I still haven't made any progress really, I mean I am string betrer at it but I don't think I've learned much. I will continue with this practise. But now I'm going to focus in feeling my body. I have a feeling this will be tough Because I think I usually focus on what is outside of my body, or just inside my head. I mean, I even deal with pain well, so I suppose it will be strange to listen to my body for once  :tongue2:  well, wish me luck  :smiley:

----------


## Sivason

> Hello again! I was doing a lot of listening today, and I even went to the shop and started reading the Tibetan sleep yogas book. The book was good but also very boring and slow so I gave up after the intro. And when I went to the shop, I really couldn't hear my footsteps. Was it Because it was loud where I was, or that I walk quietly or just that I've been blocking it out for so long that I can't hear it? I'm continuing the listening practices Because I don't think I have yet discovered what I need to.

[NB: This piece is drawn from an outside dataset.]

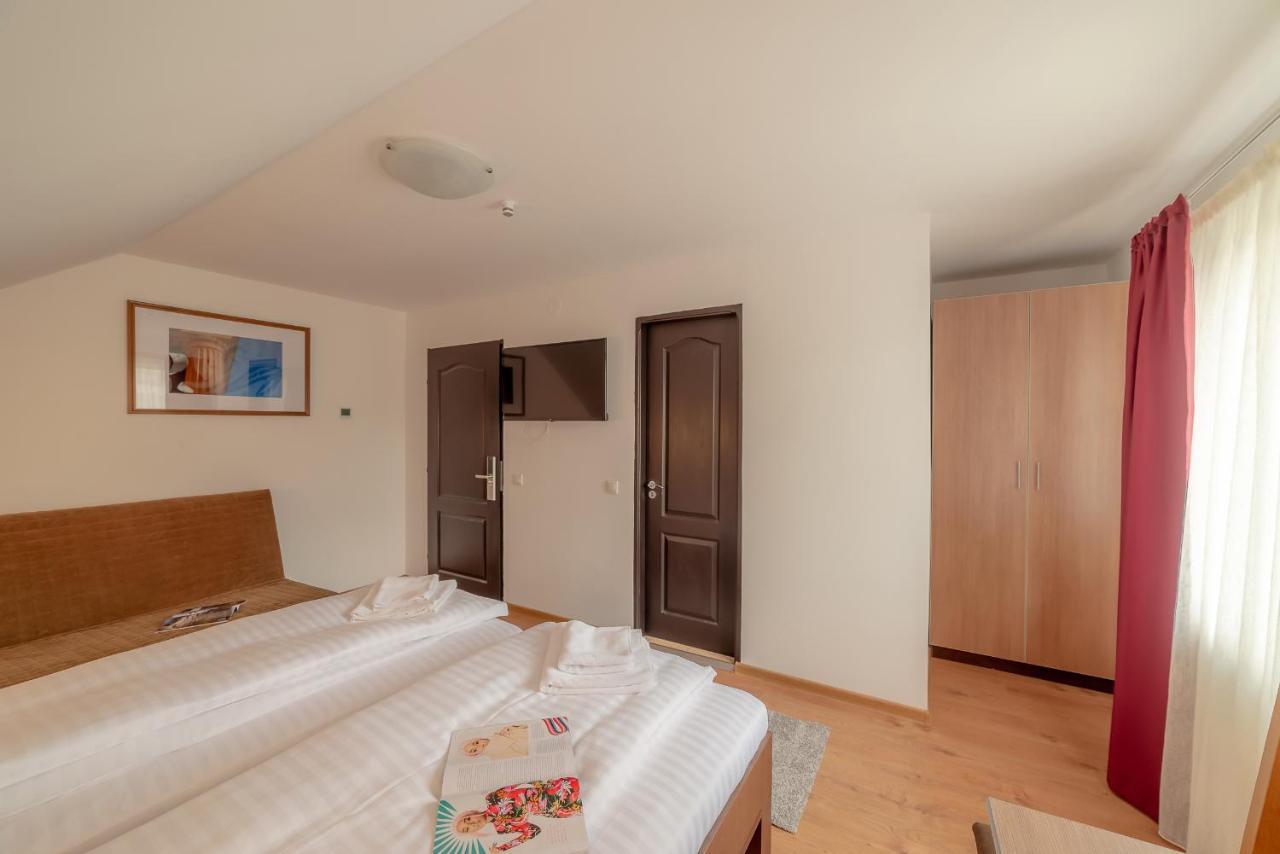 Pension Cluj Екстер'єр фото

I find the book slow and boring also. That is a good reason for teaching the class here. I won't make it boring.  :smiley:

----------


## Sivason

> Morning  so over the last couple of days, I started to try out some of the different variations, the feeling one. At first I was very very uncomfortable, and I didnt feel like I was getting anywhere. I carried on anyway, and then I realised that I felt a bit like a statue, Because I was not moving. I noticed that I do a lot of being still, but in my dreams I always seem to be moving. Maybe that should be a new dream sign?? Maybe.  Oh, and I had a glance at diffuse vision, and decided it would be good since I had 30 minutes at the end of a test. It was quite easy, I think, but quite blurry. I think it's not going to get much clearer. Although I saw somebody watching my exam paper? :O I think this will have good application in future



Diffuse vision is kind of blurry, but in other ways is very useful. You can not read with diffuse vision, but can catch all sorts of things you  would normally miss.

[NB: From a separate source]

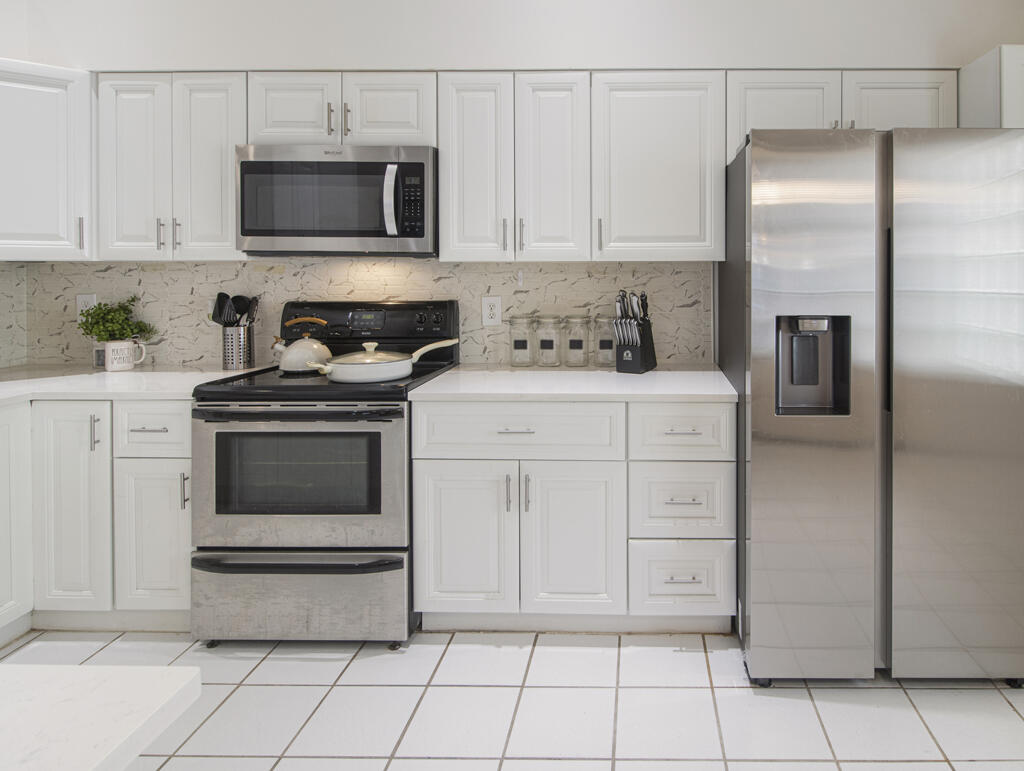 SARATOGA AT ROYAL PALM 1 - Residential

The skills take a long time to develop. My best guess is that the biggest steps forward happen about 3 weeks into practicing a new skill. Unfortunatly it makes yoga skills hard for those with short attention spans in general.

----------


## FelicityPotter

Yeah. I have a very long attention span, but I really find it very hard to concentrate when I'm trying to feel my body. I suppose when you use the listening technique, there's more room for daydreaming. But when youre trying with your body, well, when I do I fall asleep or end up daydreaming and I'm never on task. When I am, though, once I get past all the itchy stuff, I feel something like, like I'm turning in circles and forwards and backwards, and that then my eyes feel pressure or something. I don't know. AND paat attempts at wild which have been more successful had me feeling like my limbs and entire booyd were in several places, or it could be. Sort of. 
Also,, please ignore the typos and stuff, I'm using mt phone : :tongue2:

----------


## FelicityPotter

Yeah, hello  ::D:  It's been a while... I should be here more now. I've been not trying too hard with this lately, and that might be why I'm not getting anywhere. So yup, just so you know I'm getting nowhere but still here!  :smiley:

----------